国内にはTPPを巡ってなお、根強い不安がある。アジア・太平洋地域の貿易・投資ルールを決める交渉であり、国民の生活や経済活動に大きな影響を与えるからだ。大筋合意は、大きな節目といえる。政府の独断専行は認められない。
交渉は2日までの首席交渉官レベルに続いて6日まで閣僚会合を行い、7、8両日の首脳会合で大筋合意を目指す。もっとも、焦点である関税分野や医薬品の特許期間等に関する知的財産分野など、各国の利害対立が深刻なために本格交渉が今後に持ち越されそうな分野も多い。その意味で今回は、あくまで各国首脳が最終合意への決意を確認し合う意味合いが強いようだ。
それでも首脳同士が「合意」する意義は大きい。日本政府は交渉参加に際して、「国益を損なう場合は離脱できる」と説明してきた。しかし、参加12カ国中で米国に次ぐ経済大国である日本が離脱する影響は大きい。「合意」後に離脱する選択肢は事実上、取り得ないだろう。
一方で、国民の間には農業はじめ医療保険制度や食の安全への悪影響、外国に進出している企業がその国の政府を訴えられる「ISDS条項」の乱用などを心配する声が根強く残っている。
ところが、交渉に参加して以降、政府からそうした不安に応える情報はほとんど出ていない。閣僚会合に先立って甘利明TPP担当相は「攻め込まれたら『倍返しだ』という場面もあろうかと思う」と述べた。しかし、「倍返し」の決意で何を攻め何を守るのか、基本的な戦略は明らかにしていない。
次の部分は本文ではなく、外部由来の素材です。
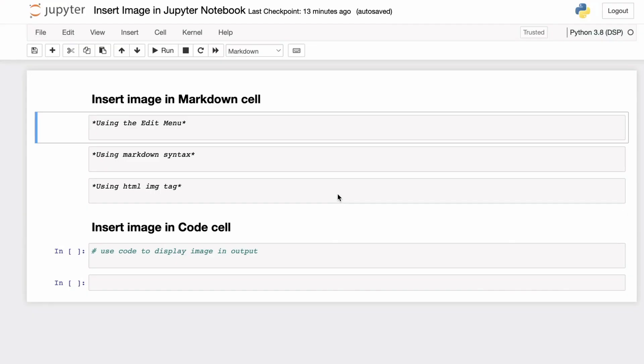You have a Jupyter notebook and you want to embed an image inside this notebook. Depending on where you want to embed the image, there are multiple ways in which you can include the image inside the notebook.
与党自民党などはコメ、麦、乳製品などの農産5項目を「聖域」として、その関税を守り抜くよう求めている。政府は「最大限の国益を追求する」という方針は示しているものの、何が「国益」なのか、国民には判然としないままだ。
確かに、秘密保持義務の壁はある。各国の思惑が交錯する外交交渉で、手の内をさらすわけにはいかないことも理解できなくはない。
しかし、今回の首脳会合で「大筋合意」を目指す背景には、来年秋に中間選挙を控える米オバマ政権が、経済政策での実績を強調したいという政治的な思惑がある。
何の説明もなしに合意し、対米追従との批判を受けては、今後の交渉にも支障が出るはずだ。政府に国民の理解を得る努力を求めたい。